Interference fringe observing step S30 is followed by operation accuracy deducing step S40 to deduce the operation accuracy of the processing feed mechanism, i.e., the linear motion mechanism, from the changes in the observed interference fringes. A process of deducing the operation accuracy of the processing feed mechanism will be described below. In operation accuracy deducing step S40, different elements, i.e., yawing accuracy, pitching accuracy, and rolling accuracy, of the operation accuracy of the processing feed mechanism are deduced.

If the yawing accuracy of the processing feed mechanism is low, the table base 8b tends to oscillate about the axis along the Z-axis directions perpendicular to the feed directions while the cutting unit 18 and the table base 8b are being moved relatively to each other in one of the X-axis directions, i.e., the feed directions. In interference fringe observing step S30, therefore, the image captured of the upper surface of the measuring jig 1 by the white light interferometer 40 changes. FIG. 5B illustrates a photographic representation 56b produced by assuming an example of interference fringes, i.e., a spatial interference pattern, to be obtained by observing an area of the measuring jig 1 near the boundary line 7 with the white light interferometer 40 while the processing feed mechanism is yawing. As with the photographic representation 56a, the photographic representation 56b does not represent an image obtained by actually observing the measuring jig 1 with the white light interferometer 40, but an observation image produced for explanatory purposes.

When yawing occurs, the captured image including the interference fringes in the photographic representation 56b is tilted as a whole.
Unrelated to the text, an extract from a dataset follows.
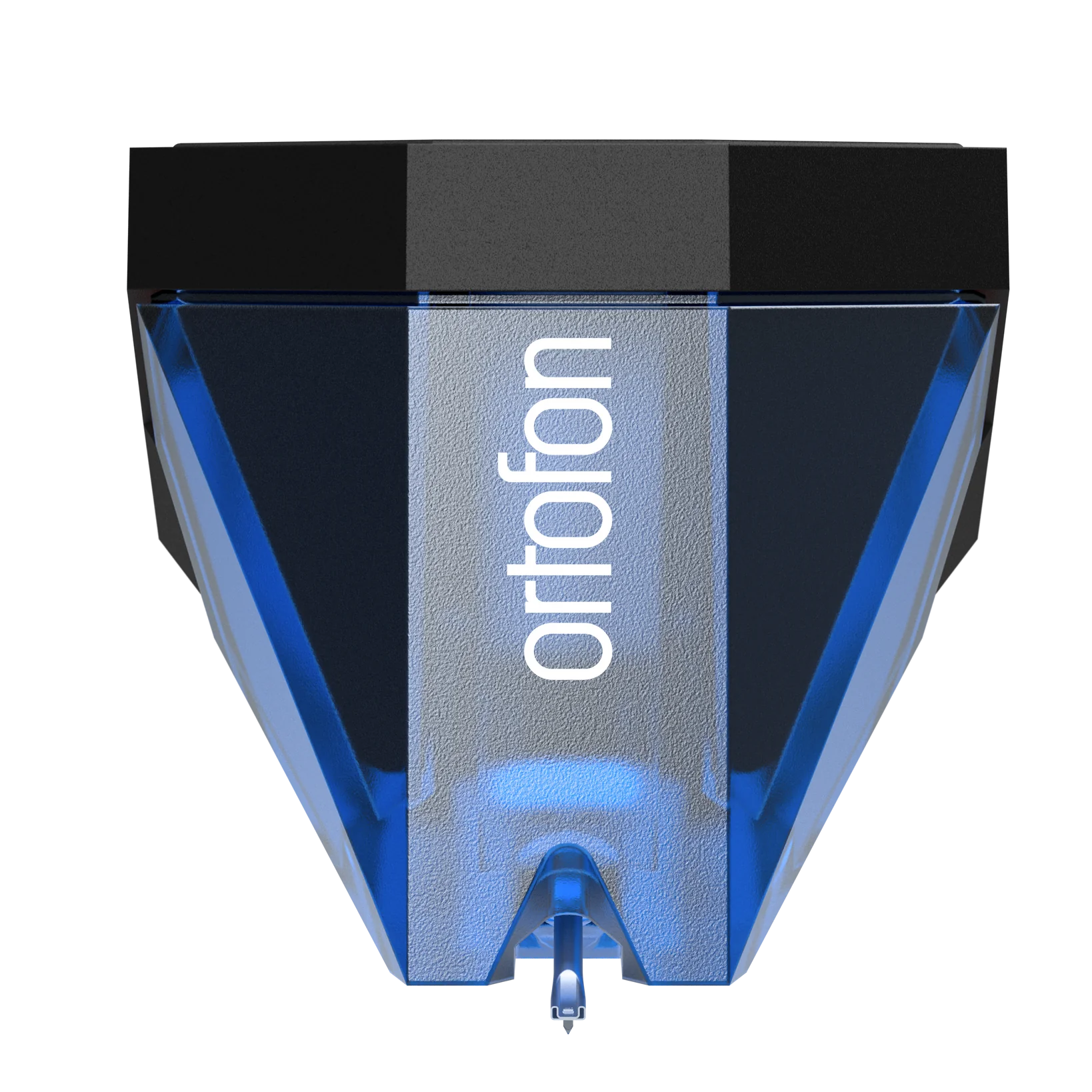 Ortofon 2M Blue turntable cartridge stylus with sleek design and blue body, mounted on a turntable for high-quality audio playback.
More specifically, the boundary line 7 of the measuring jig 1 and the interference fringes that appear in the image section representing the slanted surface 9 are tilted through the same angle from the X-axis directions. The magnitude of the angle corresponds to a reduction in the yawing accuracy. While the cutting unit 18 and the measuring jig 1 are being linearly moved relatively to each other, the white light interferometer 40 captures images of the upper surface of the measuring jig 1 from one end to the other of the boundary line 7, and the angle through which the interference fringes that appear in the image section representing the slanted surface 9 are tilted is measured from each of the captured images. Therefore, the tendency of the yawing can be assessed from the tendency of changes in the angle of tilt, and the yawing accuracy representing part of the operation accuracy of the processing feed mechanism can be deduced from a maximum change in the angle of tilt, for example. For example, if any changes in the angle through which the interference fringes that appear in the image section representing the slanted surface 9 are tilted are sufficiently small, so that the boundary line 7, etc., extend basically along the X-axis directions all the time in the captured images, then the yawing accuracy can be determined to be good.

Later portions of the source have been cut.